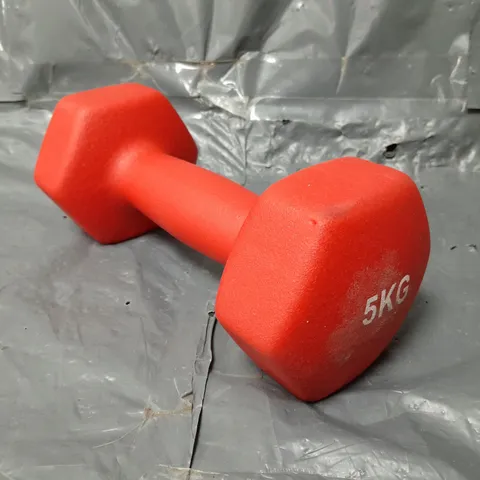 NEOPRENE HEXAGONAL FACE DUMBBELL (5kg)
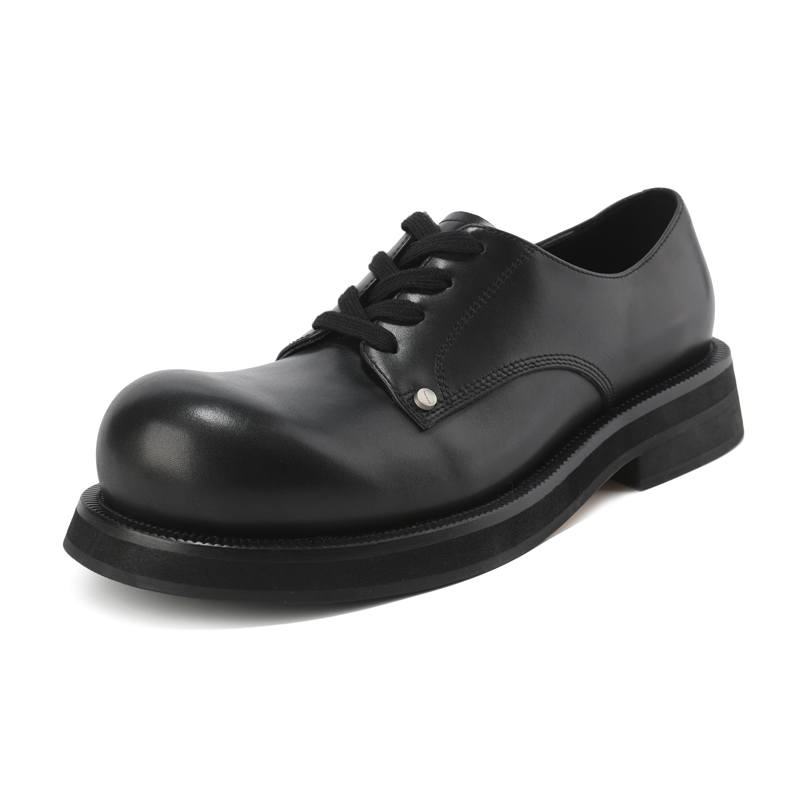 TAICHIISM Top Grain Cow Leather Fashion Low top Casual Shoes Unisex Black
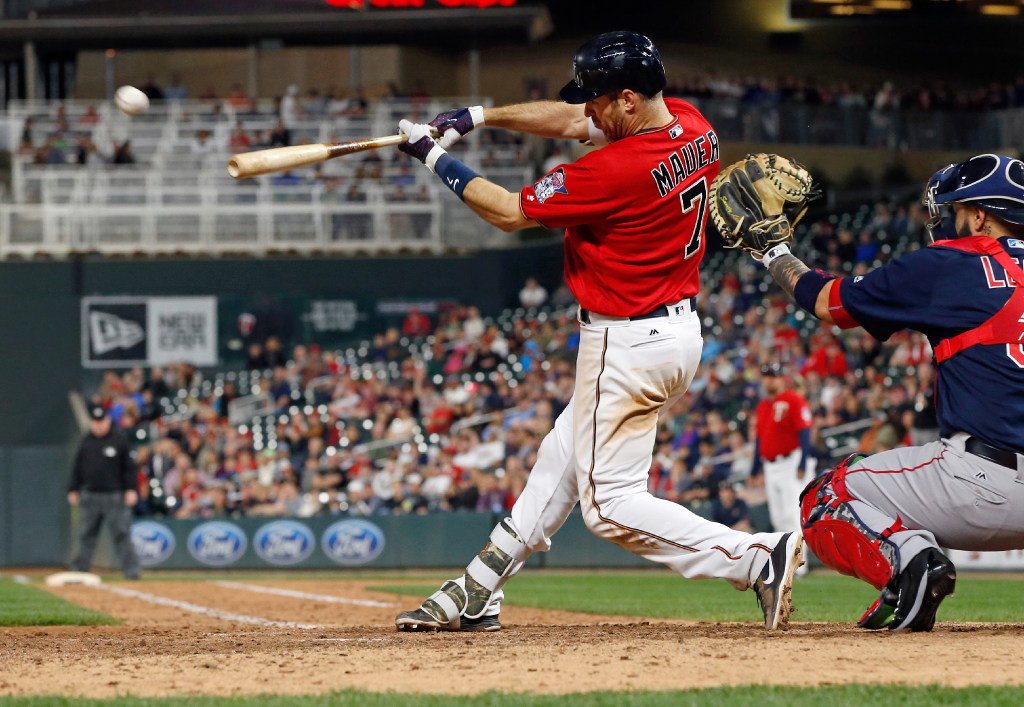 StribSports's tweet photo. 'How about that?' Watch Joe Mauer's first-ever walk off home run that gave #MNTwins a 4-3 win over Boston last night https://t.co/ToENZf3odB https://t.co/AZ3ZUphJE7
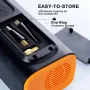 Cordless Smart Car Tire Inflator Dual Screen Display with LED Light Accurate Pressure Measurement Portable Multi-function Car Air Pump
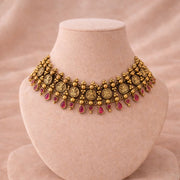 Lakshmi Drop Coin Choker
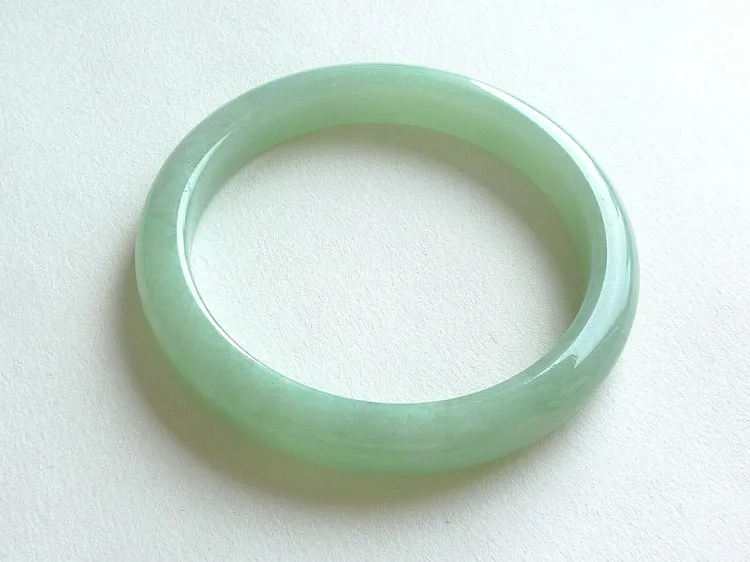 Natural Jade Bangle Jadeite Bangle Internal Diameter 55.5mm BER030
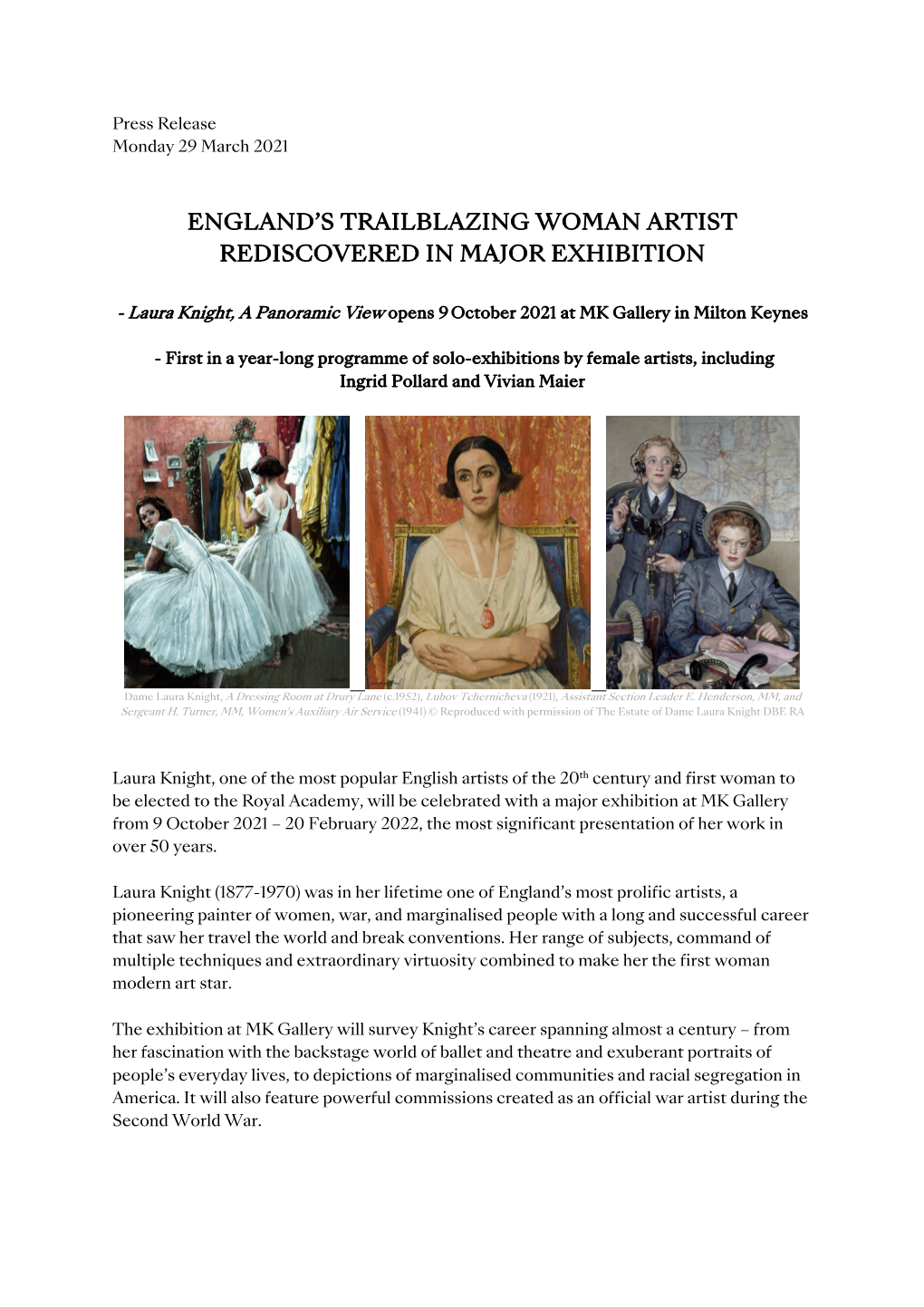 England's Trailblazing Woman Artist Rediscovered In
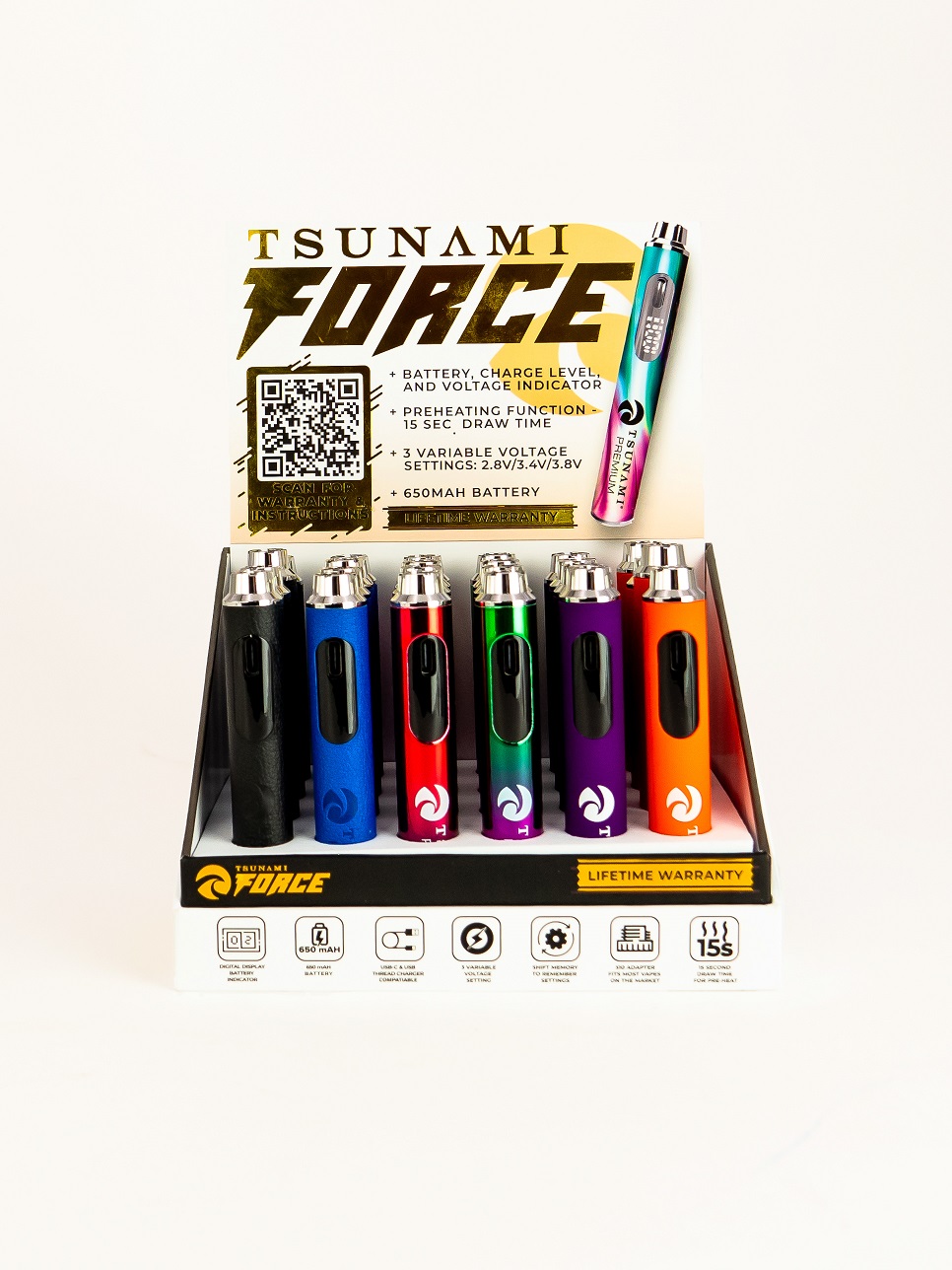TSUNAMI FORCE 1100MAH 24CT DISPLAY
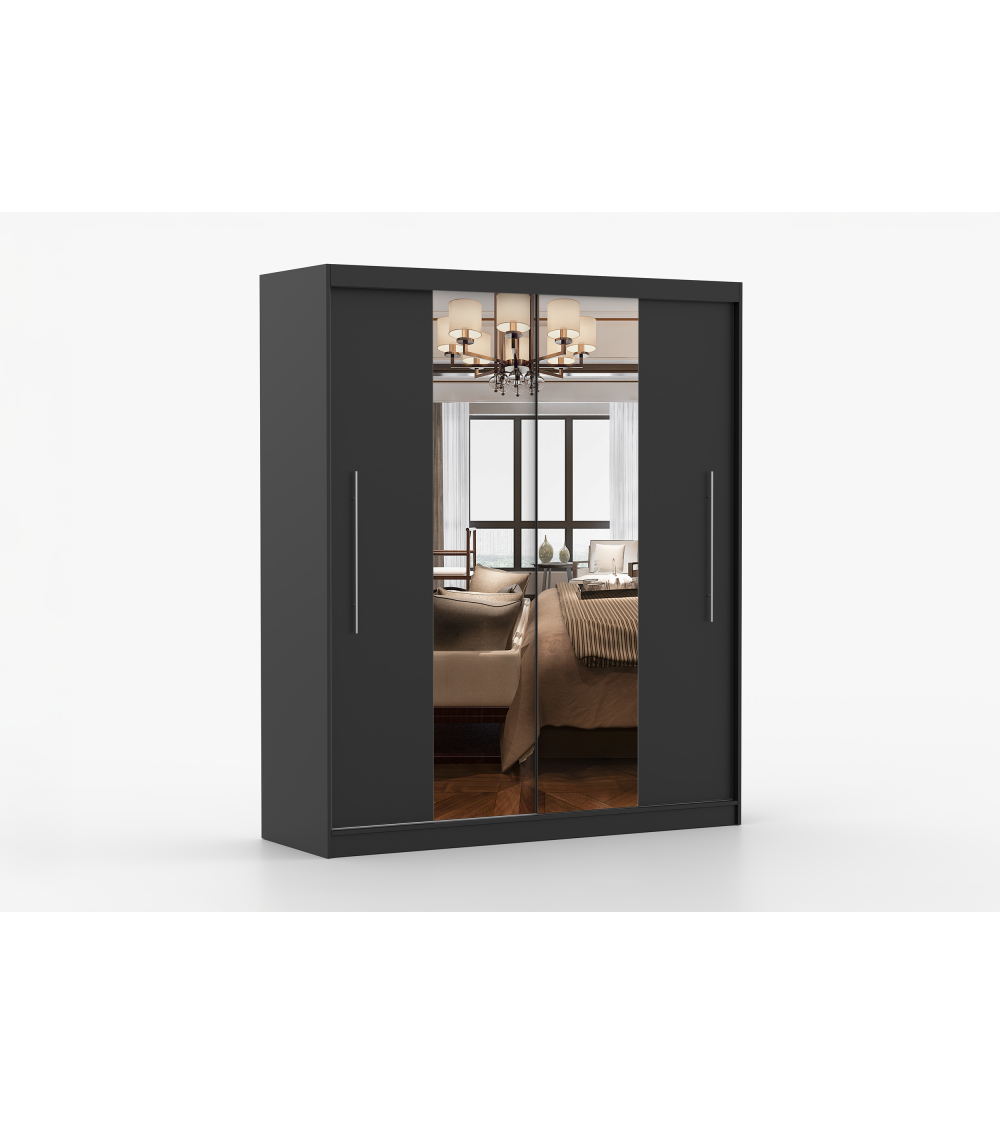 Armoire Eireen I 203 cm avec miroir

+---+

Beginning with the first entry above, reproduce every line verbatim until the line with "Natural Jade Bangle", which is included too; omit pictures.

 NEOPRENE HEXAGONAL FACE DUMBBELL (5kg)
 TAICHIISM Top Grain Cow Leather Fashion Low top Casual Shoes Unisex Black
 StribSports's tweet photo. 'How about that?' Watch Joe Mauer's first-ever walk off home run that gave #MNTwins a 4-3 win over Boston last night https://t.co/ToENZf3odB https://t.co/AZ3ZUphJE7
 Cordless Smart Car Tire Inflator Dual Screen Display with LED Light Accurate Pressure Measurement Portable Multi-function Car Air Pump
 Lakshmi Drop Coin Choker
 Natural Jade Bangle Jadeite Bangle Internal Diameter 55.5mm BER030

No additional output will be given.